» Directions: Each line from the one holding "Fenty Beauty on" through the end of the records should be returned exactly, while pictures are skipped.

» Material supplied:
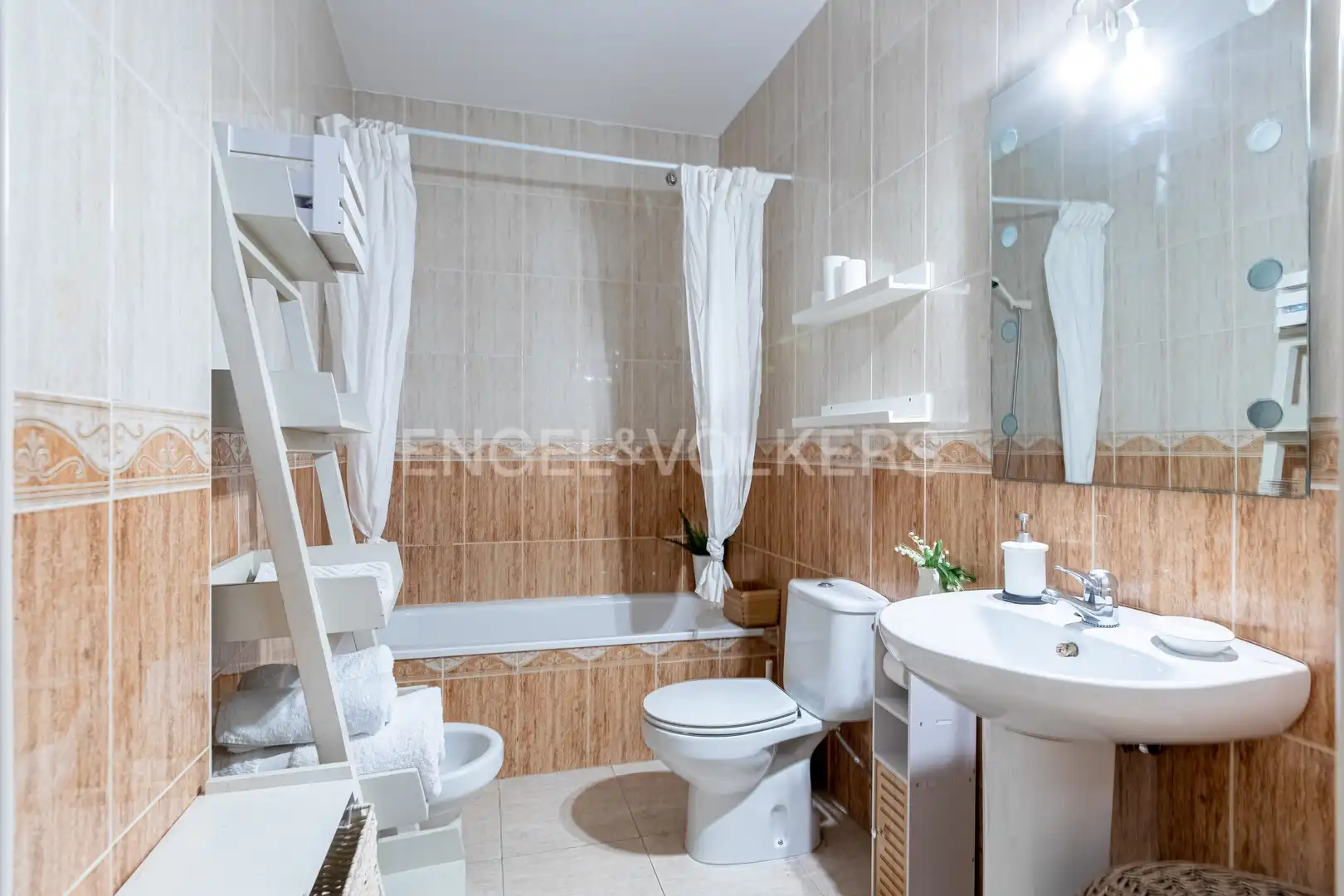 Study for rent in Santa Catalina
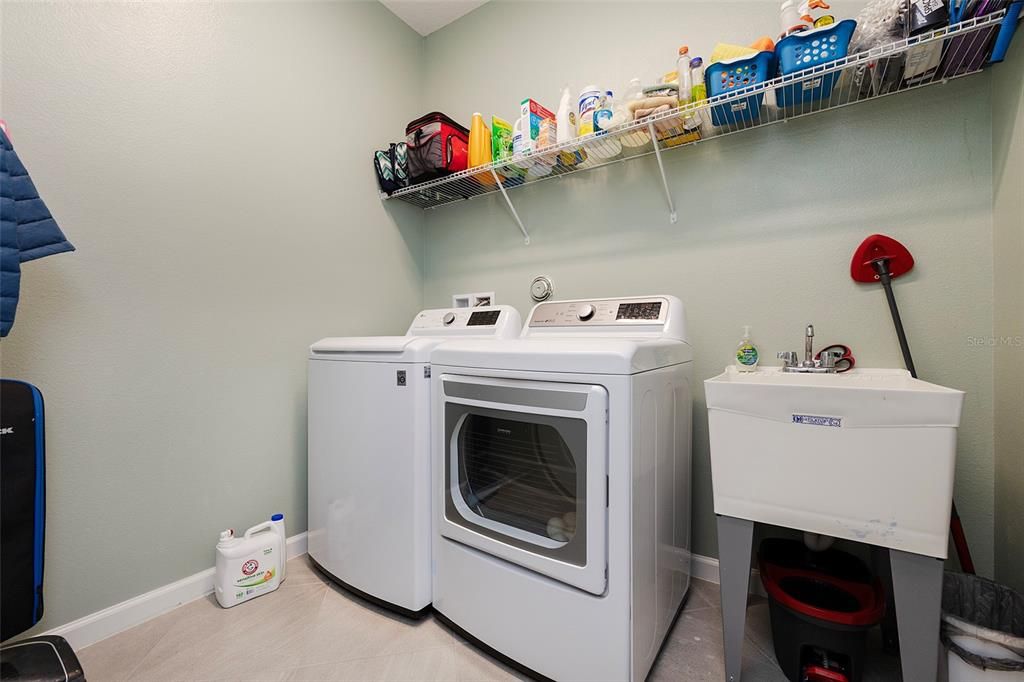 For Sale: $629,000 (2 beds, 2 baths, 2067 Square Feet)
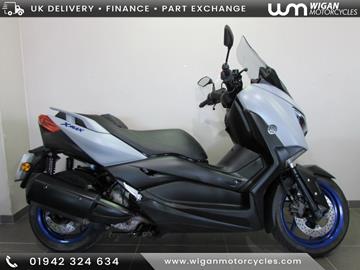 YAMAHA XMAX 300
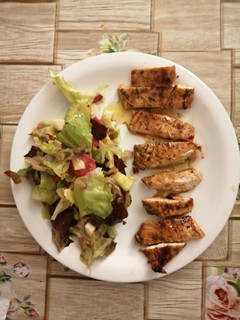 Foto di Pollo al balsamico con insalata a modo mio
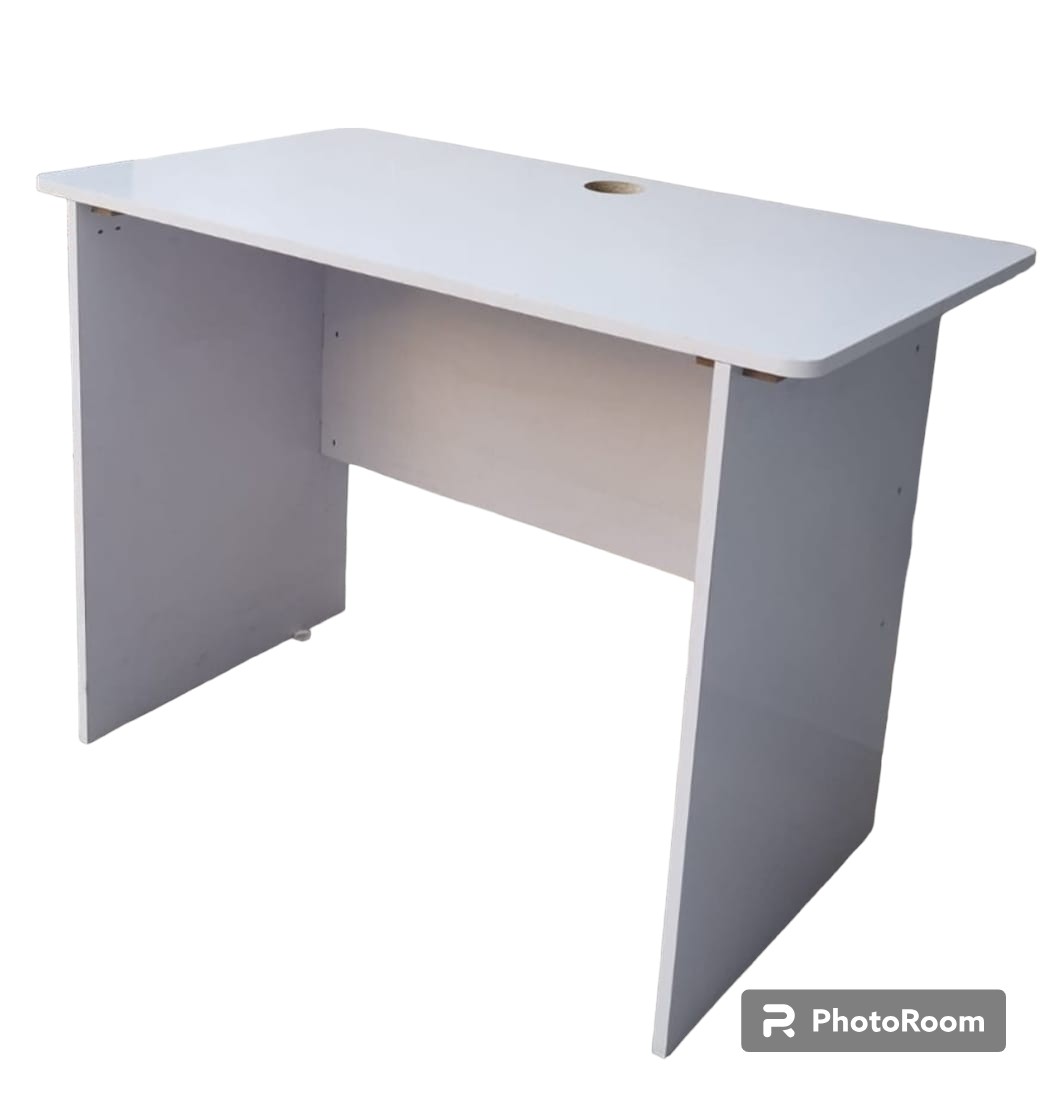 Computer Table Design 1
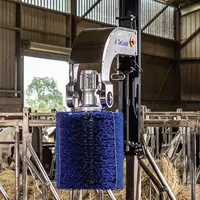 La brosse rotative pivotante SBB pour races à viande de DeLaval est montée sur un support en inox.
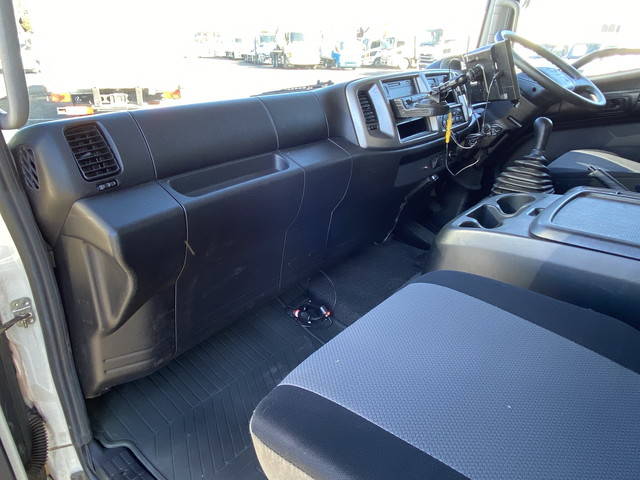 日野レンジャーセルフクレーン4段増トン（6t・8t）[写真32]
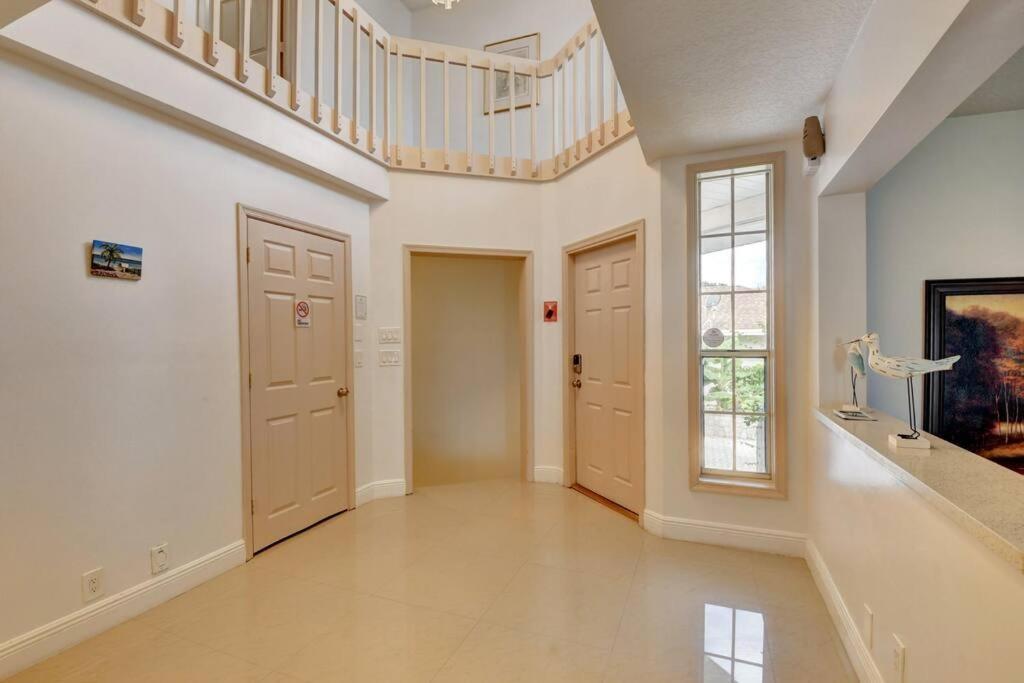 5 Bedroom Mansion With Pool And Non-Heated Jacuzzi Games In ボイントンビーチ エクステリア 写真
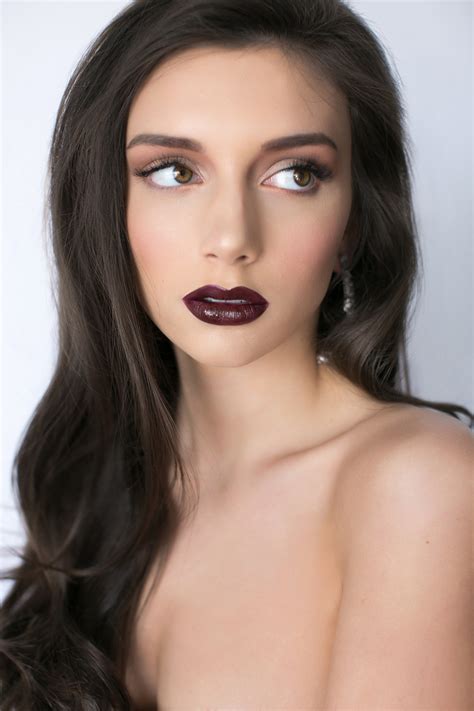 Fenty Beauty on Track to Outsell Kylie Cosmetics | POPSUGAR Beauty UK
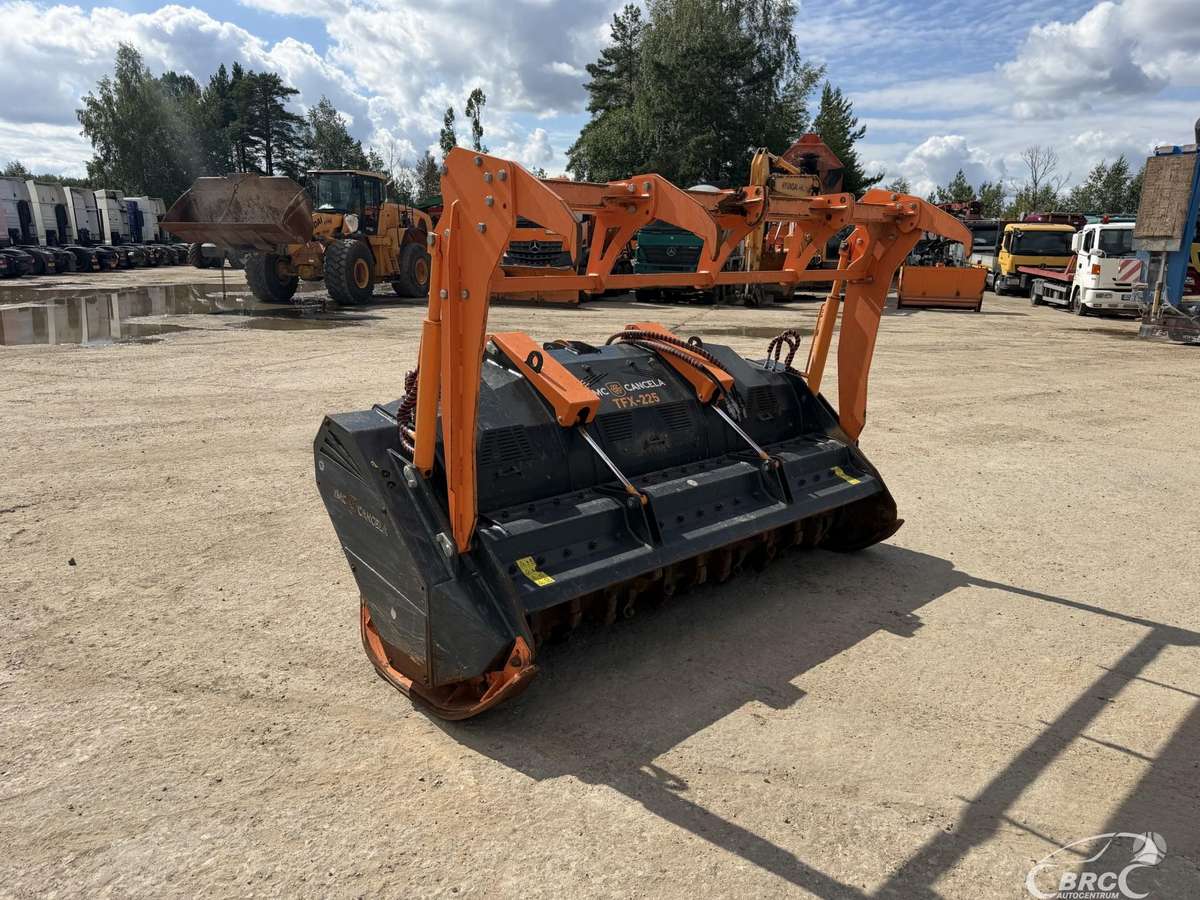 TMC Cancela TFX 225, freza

» Task output:
 Fenty Beauty on Track to Outsell Kylie Cosmetics | POPSUGAR Beauty UK
 TMC Cancela TFX 225, freza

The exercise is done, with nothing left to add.